Natural beauty

Natural beauty

Flaws in gemstones are not similar to flaws in man made products. They do not exist due to poor craftmanship or bad quality control. They are evidence of the unique and special journey that these gems have experienced when they were grown in the belly of the earth.


As a gemstone forms many different things affect how it will eventually look. The heat and pressure put on it, the trace elements around it that get mixed in with it. For example, sapphire is a mineral known as corundum. Pure corundum is made up of aluminum and oxygen and is colourless. The blue that we are familiar with occurs when corundum is formed with titanium and iron. Orange sapphires have been formed with chromium and iron. In a ruby, which is also corundum, small amounts of chromium (about one percent) replace aluminum and give this gemstone its beautiful red colour. Rubies are really red sapphires but they are given a unique name because of how special and highly valued they are.

There are some flaws or inclusions that actually help the value of specific gems. For example, microscopic light-scattering inclusions enhance the colour uniformity in Kashmir sapphire by deflecting light into areas it would not normally go. The resulting velvety appearance of Kashmir sapphires adds value. Sunstone is also aided by light amounts of schiller (extremely tiny copper inclusions that create a cloud-like appearance), which in the right locations can add value.

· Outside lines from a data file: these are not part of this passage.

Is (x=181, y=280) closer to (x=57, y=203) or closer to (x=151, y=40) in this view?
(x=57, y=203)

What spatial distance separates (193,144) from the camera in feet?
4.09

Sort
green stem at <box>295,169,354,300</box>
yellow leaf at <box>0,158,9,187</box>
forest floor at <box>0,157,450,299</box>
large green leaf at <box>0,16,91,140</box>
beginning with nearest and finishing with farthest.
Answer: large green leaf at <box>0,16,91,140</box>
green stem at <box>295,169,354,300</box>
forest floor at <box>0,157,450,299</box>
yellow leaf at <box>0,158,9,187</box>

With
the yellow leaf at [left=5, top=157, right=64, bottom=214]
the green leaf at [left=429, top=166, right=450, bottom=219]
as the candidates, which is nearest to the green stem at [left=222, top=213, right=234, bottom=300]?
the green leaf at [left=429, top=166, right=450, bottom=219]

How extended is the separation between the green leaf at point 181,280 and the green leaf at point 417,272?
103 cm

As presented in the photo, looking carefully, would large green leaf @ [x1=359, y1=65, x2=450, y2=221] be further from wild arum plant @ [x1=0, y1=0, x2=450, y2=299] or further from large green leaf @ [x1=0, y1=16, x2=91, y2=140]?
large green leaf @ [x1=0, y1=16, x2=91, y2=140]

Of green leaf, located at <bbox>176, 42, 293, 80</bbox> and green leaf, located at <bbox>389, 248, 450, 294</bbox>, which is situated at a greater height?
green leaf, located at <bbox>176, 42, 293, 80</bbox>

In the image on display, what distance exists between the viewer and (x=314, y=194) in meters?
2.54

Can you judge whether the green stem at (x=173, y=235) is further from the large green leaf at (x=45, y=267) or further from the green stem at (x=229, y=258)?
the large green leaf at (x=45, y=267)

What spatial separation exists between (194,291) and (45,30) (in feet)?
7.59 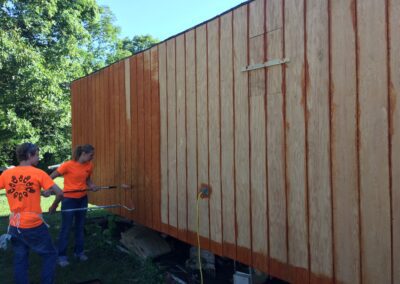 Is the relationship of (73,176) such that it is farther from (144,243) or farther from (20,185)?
(20,185)

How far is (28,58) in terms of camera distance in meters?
12.6

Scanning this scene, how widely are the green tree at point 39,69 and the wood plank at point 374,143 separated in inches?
467

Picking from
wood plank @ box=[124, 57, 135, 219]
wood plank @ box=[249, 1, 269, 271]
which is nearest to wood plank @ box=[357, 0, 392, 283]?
wood plank @ box=[249, 1, 269, 271]

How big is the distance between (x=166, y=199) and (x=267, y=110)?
1992mm

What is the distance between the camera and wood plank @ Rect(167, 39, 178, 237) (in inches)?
182

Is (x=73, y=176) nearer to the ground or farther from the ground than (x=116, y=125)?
nearer to the ground

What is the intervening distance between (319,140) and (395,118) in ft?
1.89

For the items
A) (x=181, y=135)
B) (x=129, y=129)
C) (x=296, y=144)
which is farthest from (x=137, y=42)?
(x=296, y=144)

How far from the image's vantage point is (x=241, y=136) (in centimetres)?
362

Inclusions are a common feature in all natural gemstones and they are special because two gemstones will never have the same inclusions, giving each stone a unique identity, like a fingerprint. It is rare and unusual for a gemstone to have no inclusions so people naturally seek these stones out and pay more for them but that doesn’t mean gemstones with natural marks are somehow less special. In fact, these special marks tell us the secret story of the hidden journey that the gem has made and science is taking full advantage of these coded messages to discover more about the planet we live on.

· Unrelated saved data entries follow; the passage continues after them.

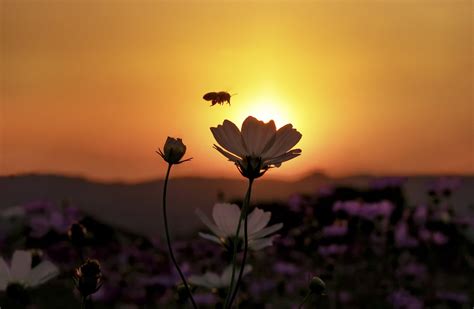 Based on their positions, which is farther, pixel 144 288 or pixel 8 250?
pixel 8 250

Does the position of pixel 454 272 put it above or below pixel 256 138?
below

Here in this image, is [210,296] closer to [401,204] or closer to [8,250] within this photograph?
[401,204]

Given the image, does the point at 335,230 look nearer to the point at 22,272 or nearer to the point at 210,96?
the point at 210,96

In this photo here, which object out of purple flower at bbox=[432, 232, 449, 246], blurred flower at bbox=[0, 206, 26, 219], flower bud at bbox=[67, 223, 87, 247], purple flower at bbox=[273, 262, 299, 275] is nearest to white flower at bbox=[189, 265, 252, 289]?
flower bud at bbox=[67, 223, 87, 247]

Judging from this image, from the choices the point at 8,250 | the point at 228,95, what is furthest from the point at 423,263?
the point at 228,95

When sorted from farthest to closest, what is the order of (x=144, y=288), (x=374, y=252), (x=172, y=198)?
(x=172, y=198) → (x=374, y=252) → (x=144, y=288) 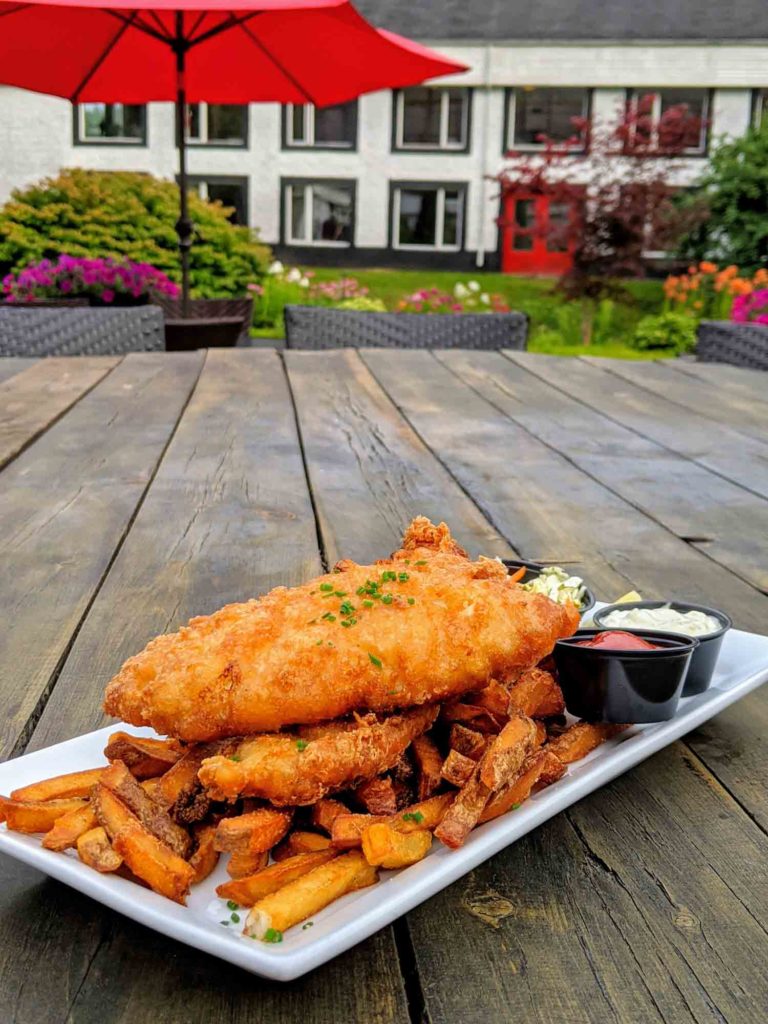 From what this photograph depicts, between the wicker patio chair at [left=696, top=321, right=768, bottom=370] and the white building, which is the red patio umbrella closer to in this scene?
→ the wicker patio chair at [left=696, top=321, right=768, bottom=370]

Diamonds that aren’t made in a lab are typically born deep in the Earth, with the largest diamonds formed hundreds of miles under the surface of our planet. It’s impossible to observe that environment directly. Our deepest hole only extends 7.5 miles into the ground in Russia. Researchers recently announced they’d found an incredibly rare form of ice trapped in diamonds from China and a variety of mines in Africa. It got into the diamonds deep in the Earth as liquid water and got trapped in the growing diamond crystal. Then, when the diamonds ascended to the surface, that pocket of water reacted to the change in depth by freezing into IceVII. Ice VII is a cubic crystalline form of ice. The strength and robustness of the surrounding diamond kept samples of ice from melting back into water, even at the surface. The diamond is part prison, part time machine. Its crystal cage prevents escape, preserving material in conditions the gem experienced in the past. Scientists have found other materials trapped inside diamonds that tell them what was happening when our planet was being formed. It is our only link back to this place in time.

Rather than viewing flaws as imperfections they should be seen as character, as evidence of life and experience. The Japanese have a concept which they call “wabi-sabi.” It’s one of those beautiful foreign words that has no equivalent in English. Wabi-sabi acknowledges three realities: “nothing lasts, nothing is finished, and nothing is perfect.”

Our precious fleeting existence and the things we experience are kept alive through our children and those who love us. Those who can look at our flaws and see the beauty of our journey.